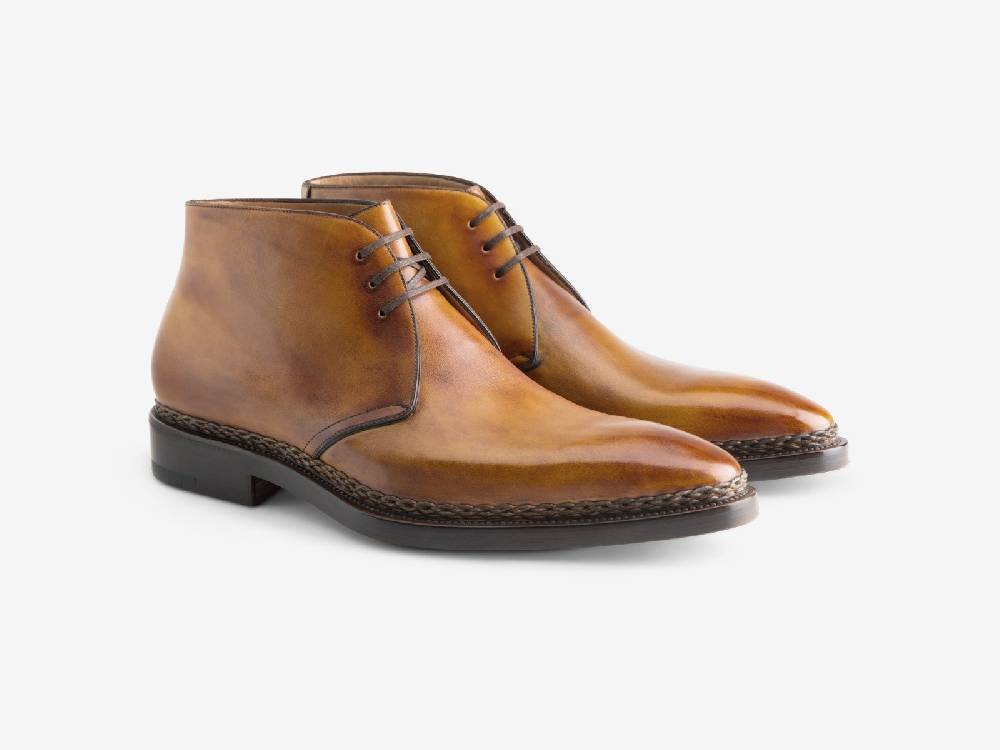 Paolo Sartori Art.St54 Desert Boot in Pelle Anticata Ravello Grande vendita
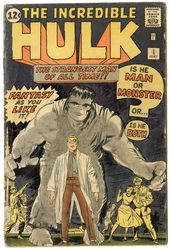 Incredible Hulk, The #1 (1962 - 1999) Comic Book Value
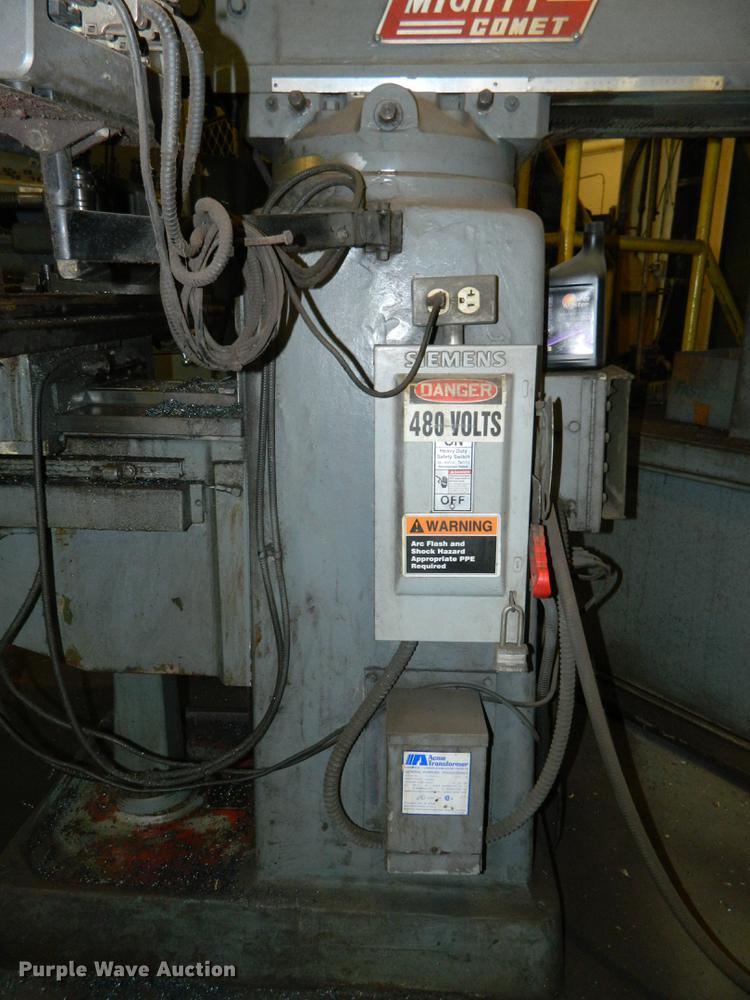 image for item DB1232 2001 Comet 3KUHD-B turret milling machine/vertical mill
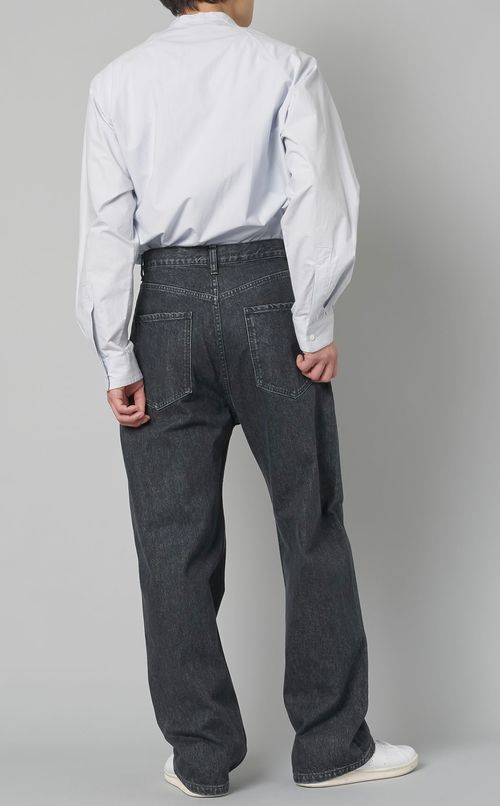 デニムワイドストレートパンツ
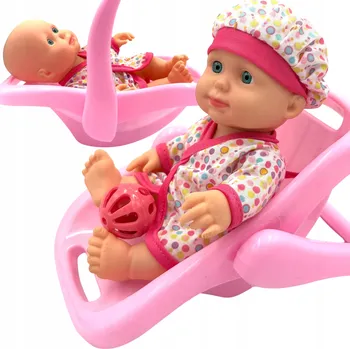 Panenka Panenka pro holčičku malá panenka obleček pro panenku židlička růžová panenka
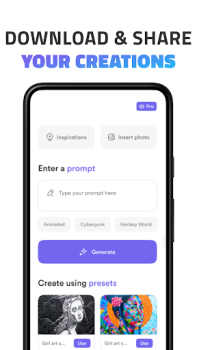 Descargar Imgit AI art generator Arte y Diseño para Android captura de pantalla 5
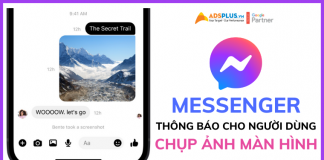 messenger chụp ảnh màn hình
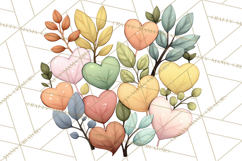 Pastel Nursery Clipart PNG, Watercolor Floral Baby Decor Product Image 4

__Exercise description__.
The job here is to retype the data exactly, with no pictures included.

__Finished task__.
 Paolo Sartori Art.St54 Desert Boot in Pelle Anticata Ravello Grande vendita
 Incredible Hulk, The #1 (1962 - 1999) Comic Book Value
 image for item DB1232 2001 Comet 3KUHD-B turret milling machine/vertical mill
 デニムワイドストレートパンツ
 Panenka Panenka pro holčičku malá panenka obleček pro panenku židlička růžová panenka
 Descargar Imgit AI art generator Arte y Diseño para Android captura de pantalla 5
 messenger chụp ảnh màn hình
 Pastel Nursery Clipart PNG, Watercolor Floral Baby Decor Product Image 4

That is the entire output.